◆ SOURCE DATA

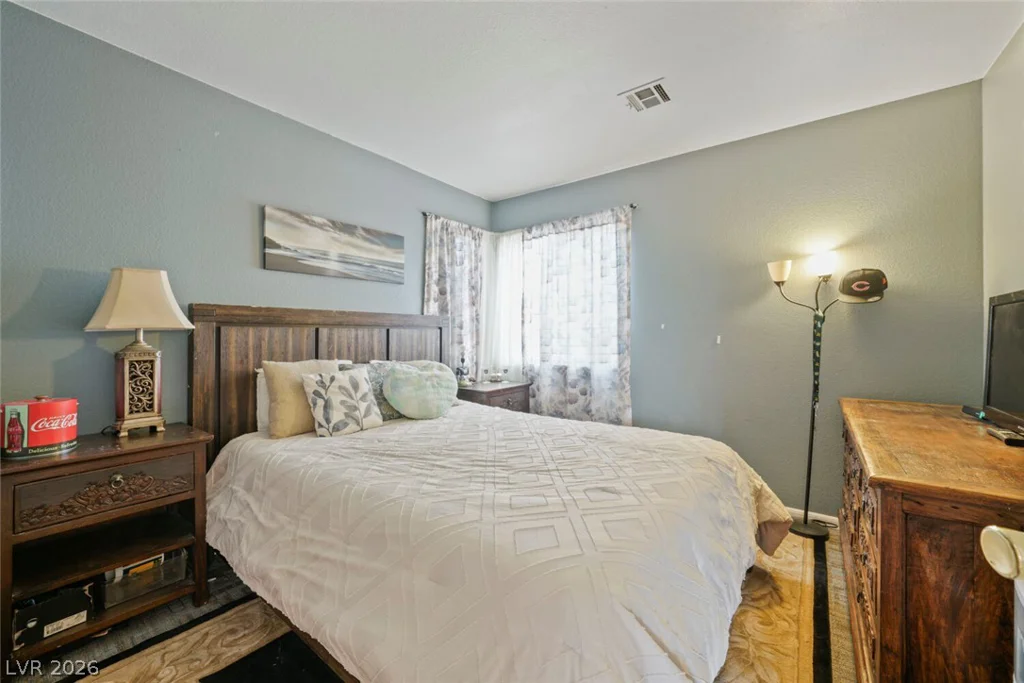 6105 Flaming Arrow, North Las Vegas, NV 89031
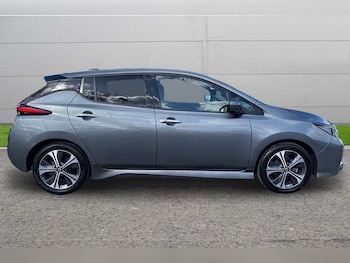 Used Nissan Leaf 2021 for sale - 77927620: Photo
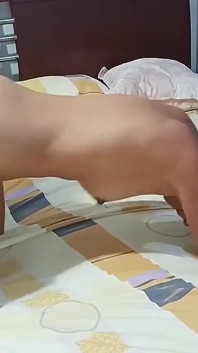 Üvey anne mastürbasyon yapıyor ve lezzetli amcığını üvey oğluna veriyor. O harika bir fahişe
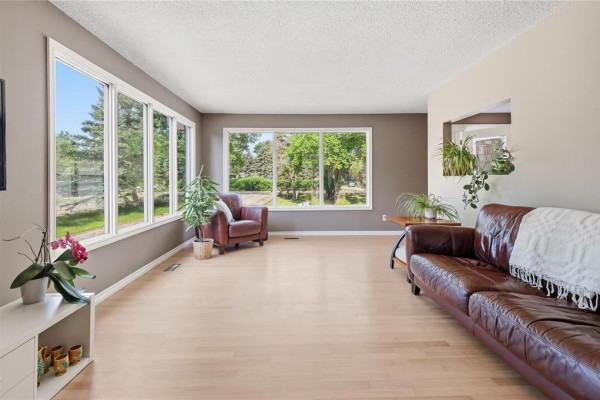 Bedroom - 112 Mccaughan Road, St Francois Xavier, MB R4L1A6 Photo 5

◆ WORK TASK
Everything from the line containing "Used Nissan Leaf" to the last line of the listing above is to be written out exactly, except the pictures, and nothing else.

◆ THE COMPLETED TASK
 Used Nissan Leaf 2021 for sale - 77927620: Photo
 Üvey anne mastürbasyon yapıyor ve lezzetli amcığını üvey oğluna veriyor. O harika bir fahişe
 Bedroom - 112 Mccaughan Road, St Francois Xavier, MB R4L1A6 Photo 5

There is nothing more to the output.